The Red Balloon () is a 1956 French fantasy comedy-drama featurette written, produced, and directed by Albert Lamorisse. The thirty-four-minute short, which follows the adventures of a young boy who one day finds a sentient, mute, red balloon, was filmed in the Ménilmontant neighborhood of Paris.

Lamorisse used his children as actors in the film. His son, Pascal, plays himself in the main role, and his daughter, Sabine, portrays a young girl.

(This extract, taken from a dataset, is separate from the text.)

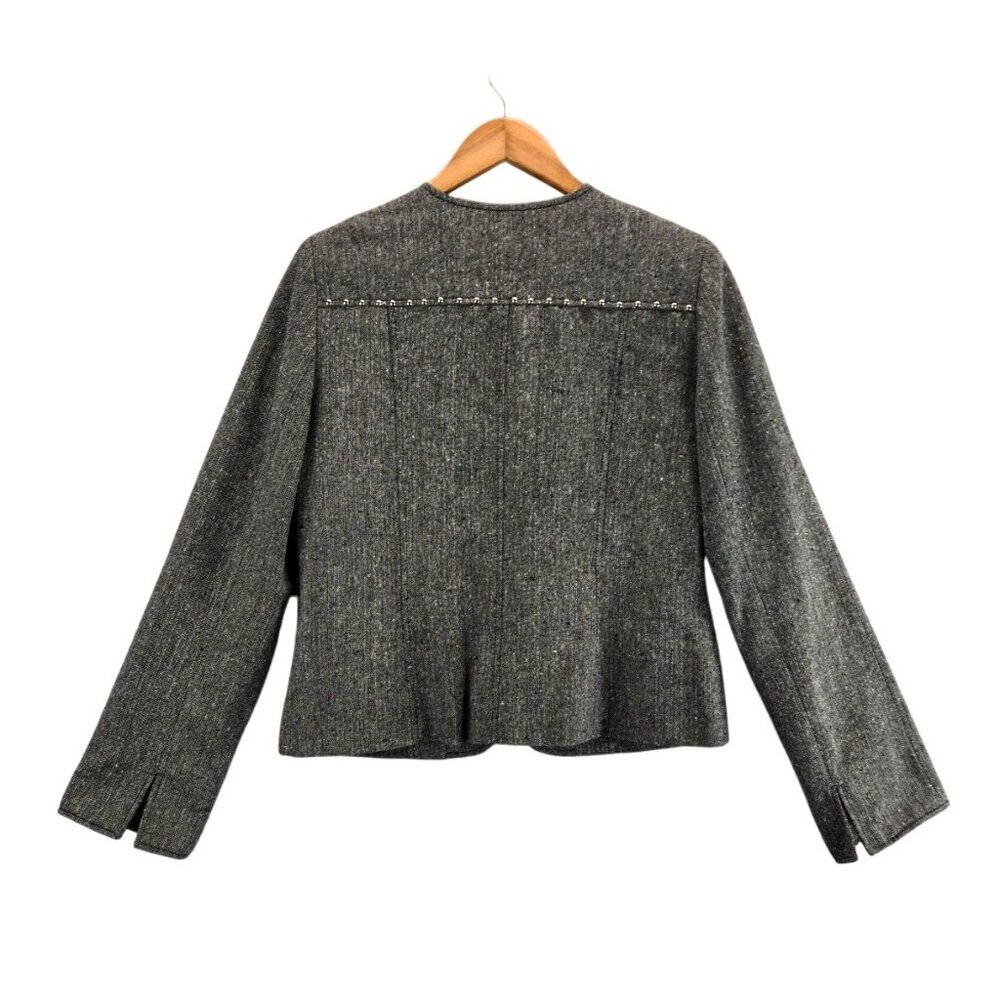 Vtg 90s Blazer Moto Gray Weave Multi Color Specs Silver Studs & Thread M Mishca - Picture 5 of 15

The film won numerous awards, including an Oscar for Lamorisse for writing the Best Original Screenplay in 1956 and the Palme d'Or for short films at the 1956 Cannes Film Festival. It also became popular with children and educators. It is the only short film to win the Oscar for Best Original Screenplay.

Plot
The film follows Pascal (Pascal Lamorisse), a young boy who, on his way to school one morning, discovers a large helium-filled red balloon. As he plays with it, he realizes it has a mind and will of its own. It begins to follow him wherever he goes, never straying far from him, and at times floating outside his apartment window, as his mother will not allow it inside.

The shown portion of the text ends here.